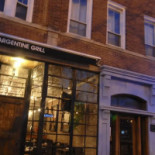Re Dei Mari Exterior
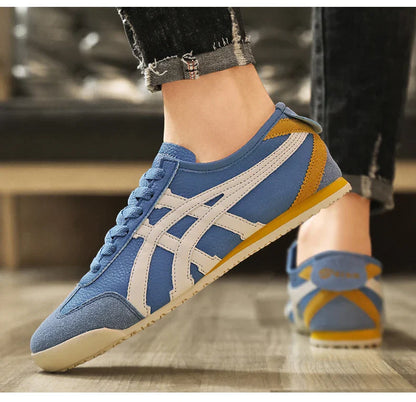 Sneakers invernali ortopediche, moderne e di sostegno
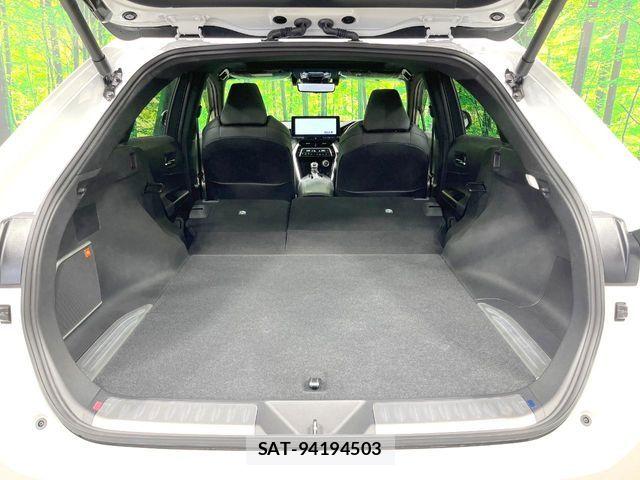 Toyota HARRIER HYBRID 2025-07 7357966-12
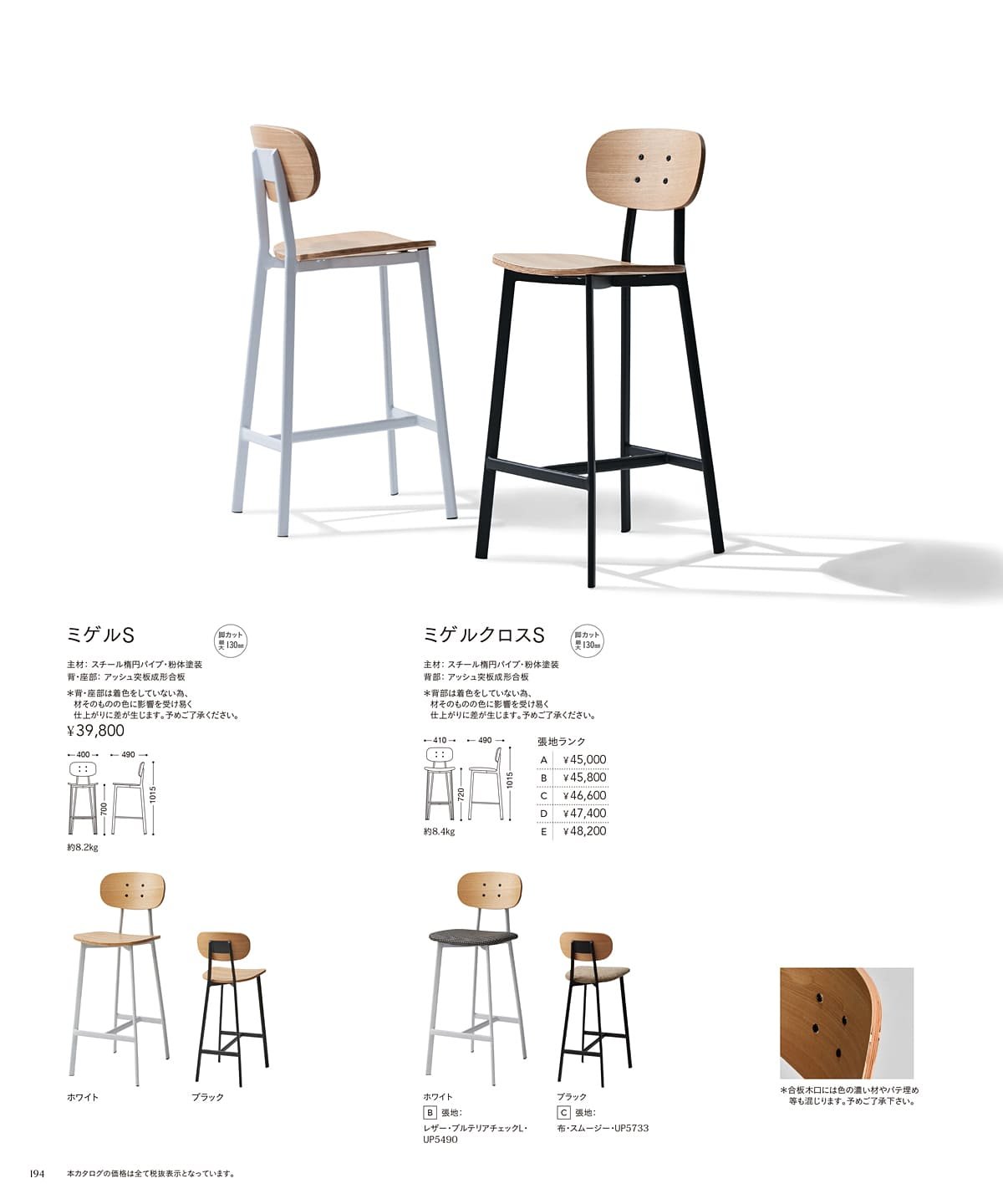 チェリー 桜屋工業 カタログ P194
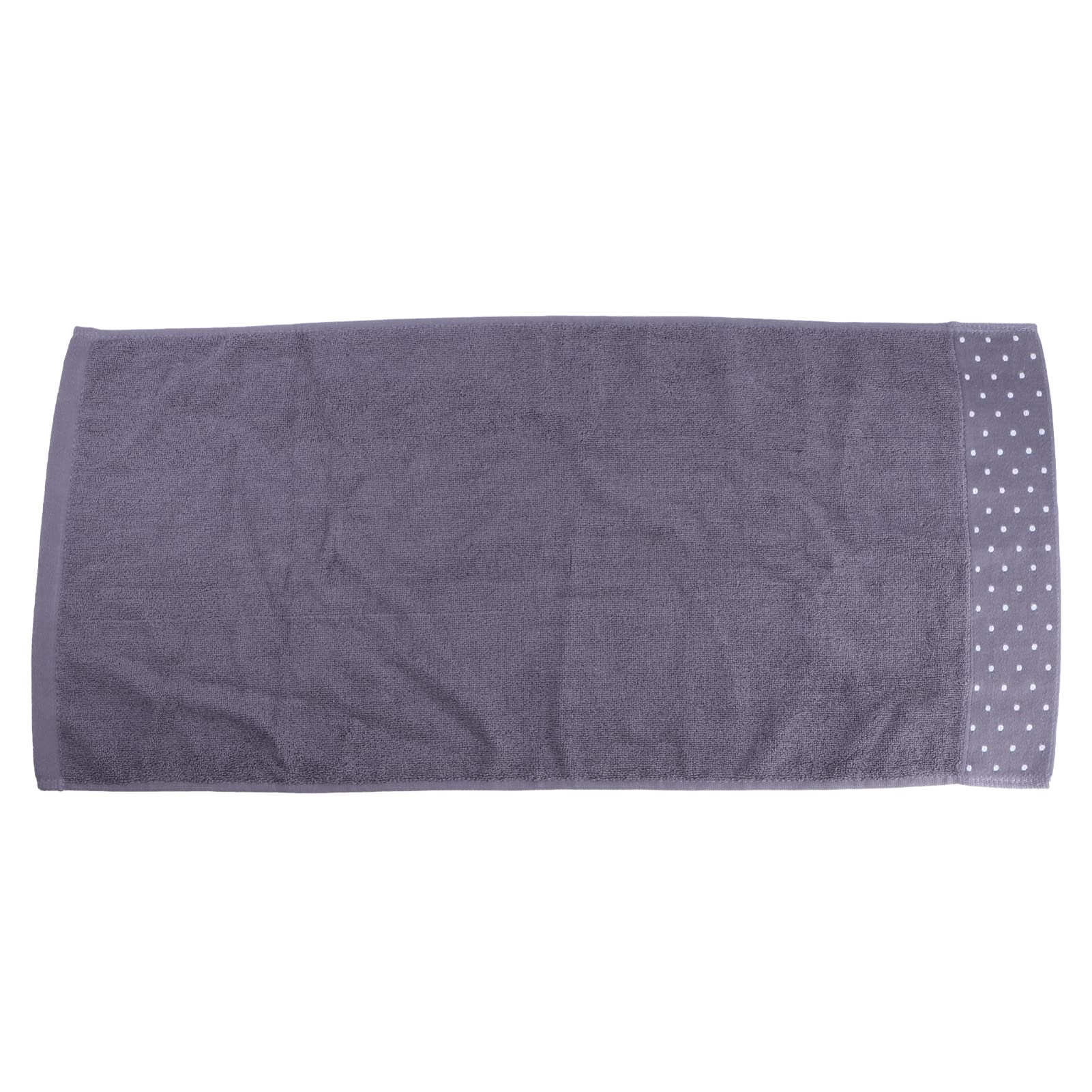 LABRIMP Thicken Towel Wave-point Towel High-grade Towel Pure Cotton Towel Soft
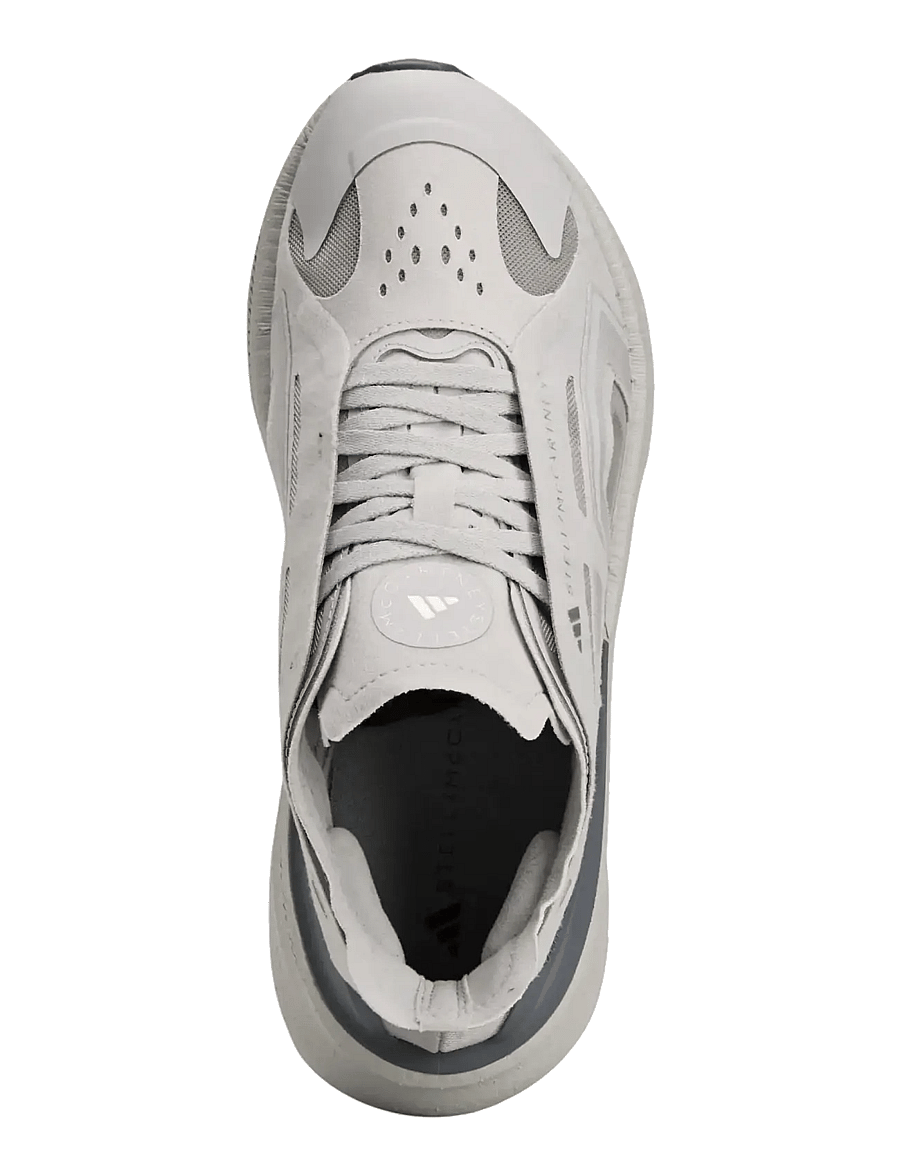 adidas by Stella McCartney - aSMC ULTRABOOST 5 - training schoenen - lgsogr/silvmt/onix - 4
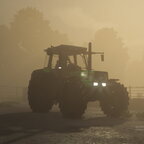 Einfach ein Schöner Schlepper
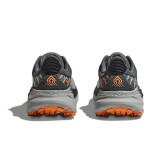 Hoka Challenger 7 Lightweight Cushioned Trail Runners | 1134497-HMCS Hoka Challenger 7 Trail Running Shoes - Model 1134497-HMCS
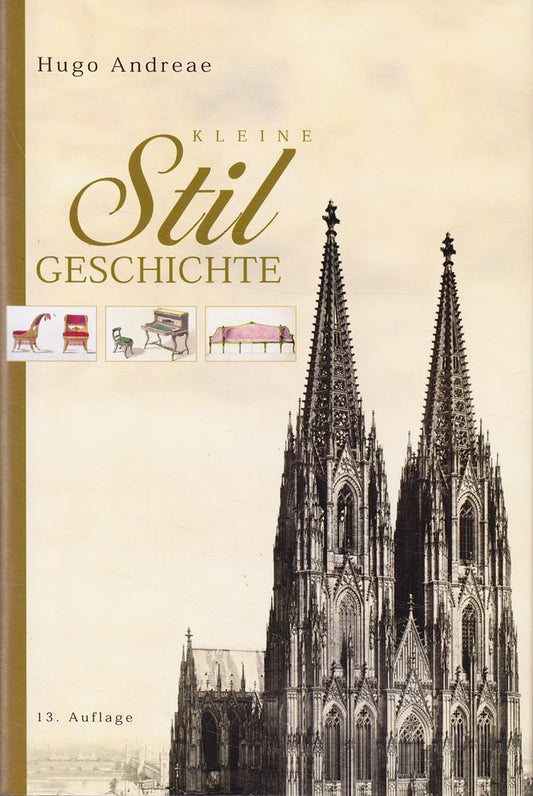 Kleine Stilgeschichte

________________

Each record above should be copied character for character, with pictures dropped.

Re Dei Mari Exterior
 Sneakers invernali ortopediche, moderne e di sostegno
 Toyota HARRIER HYBRID 2025-07 7357966-12
 チェリー 桜屋工業 カタログ P194
 LABRIMP Thicken Towel Wave-point Towel High-grade Towel Pure Cotton Towel Soft
 adidas by Stella McCartney - aSMC ULTRABOOST 5 - training schoenen - lgsogr/silvmt/onix - 4
 Einfach ein Schöner Schlepper
 Hoka Challenger 7 Lightweight Cushioned Trail Runners | 1134497-HMCS Hoka Challenger 7 Trail Running Shoes - Model 1134497-HMCS
 Kleine Stilgeschichte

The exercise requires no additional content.